Given a proof that shows $\vdash (P \vee \neg P)$ I can transform this into the desired proof, but that generates a very large tree given the simplicity of the sentence, because the proof for $\vdash (P \vee \neg P)$ is fairly long itself.
I can't shake the feeling there must be a more straightforward (even if still indirect) proof, but haven't been able to find it so far.
Edit: As found by lemontree, the ruleset I am using is listed here.
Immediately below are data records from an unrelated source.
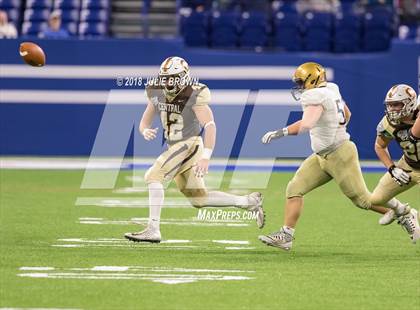 Thumbnail 2 in Fort Wayne Bishop Dwenger vs Evansville Central (IHSAA 4A Final) photogallery.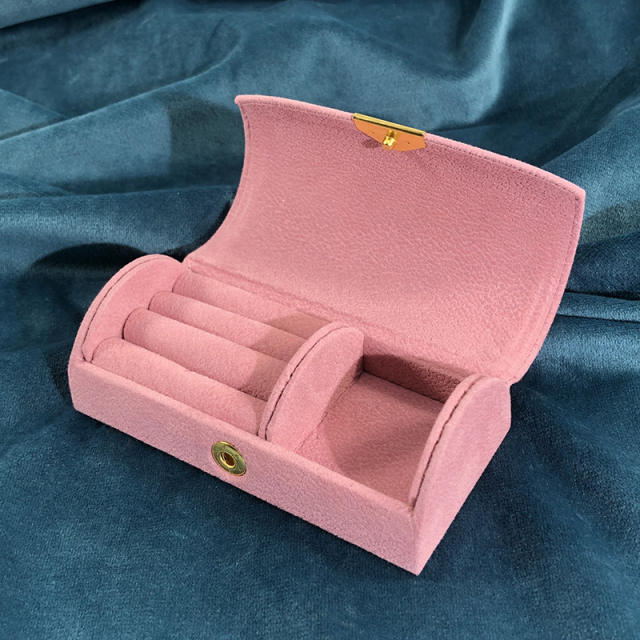 Cute portable velvet jewelry box travel jewelry box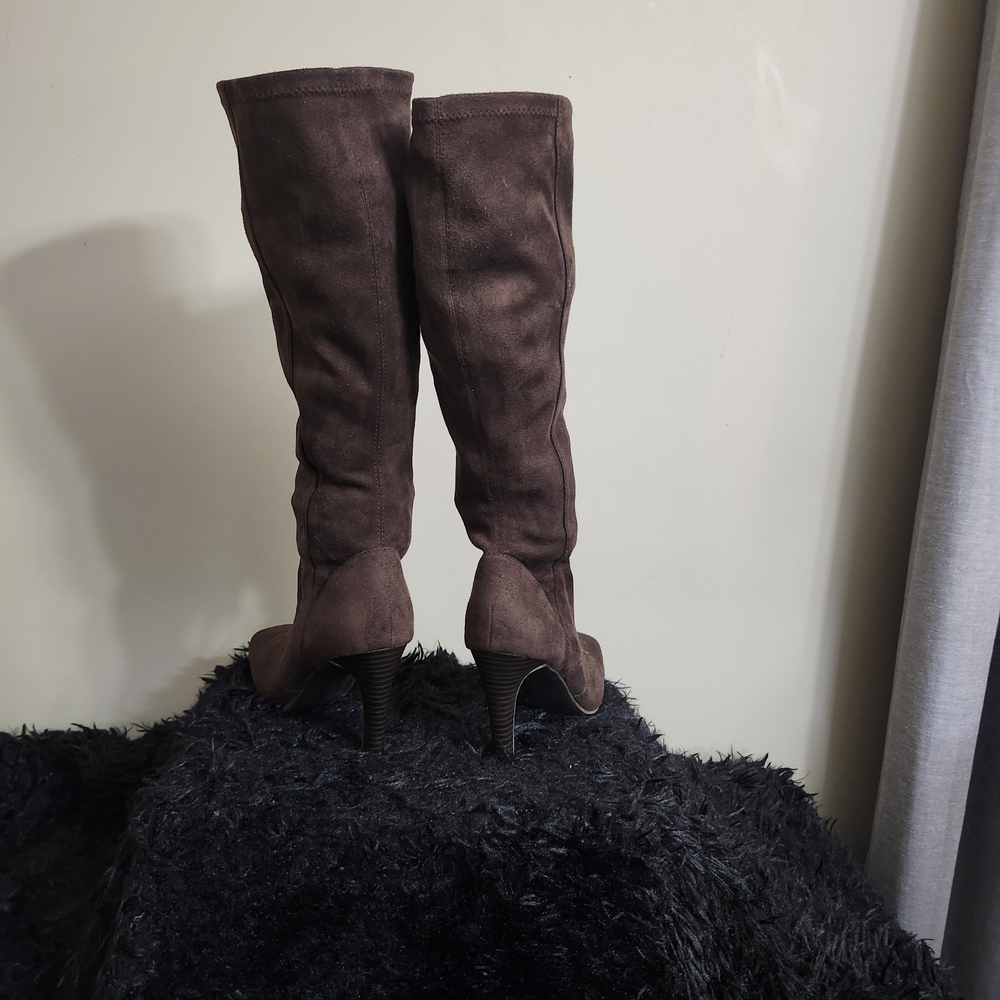 Isaac Mizrahi Dark Brown Heeled Boots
One possible route is proving $\lnot(P \leftrightarrow \lnot P)$ without premises. Following that path, this would be a Gentzen-style proof, I think.
$ \def\be\qquad\mathbf{\leftrightarrow Elim} \def\bi\qquad\mathbf{\leftrightarrow Intro} \def\ne\qquad\mathbf{\neg Elim} \def\ni\qquad\mathbf{\neg Intro} $
$ \begin{equation} \dfrac{ \dfrac{ [P] \qquad [P \leftrightarrow \lnot P] }{ \dfrac{ [P] \qquad \lnot P }{\lnot P}\ni}\be \quad \dfrac{ [\lnot P] \qquad [P \leftrightarrow \lnot P] }{ \dfrac{ [\lnot P] \qquad P }{P}\ne}\be }{\lnot(P \leftrightarrow \lnot P)}\ne \end{equation} $
EDIT:
Based on OP comments, I am adding a proof of $P \leftrightarrow \lnot P \vdash Q\\$.
$ \begin{equation} \dfrac{ \dfrac{ [P] \qquad P \leftrightarrow \lnot P }{ \dfrac{ [P] \qquad \lnot P }{\lnot P}\ni}\be \quad \dfrac{ [\lnot P] \qquad P \leftrightarrow \lnot P }{ \dfrac{ [\lnot P] \qquad P }{P}\ne}\be }{Q}\ne \end{equation} $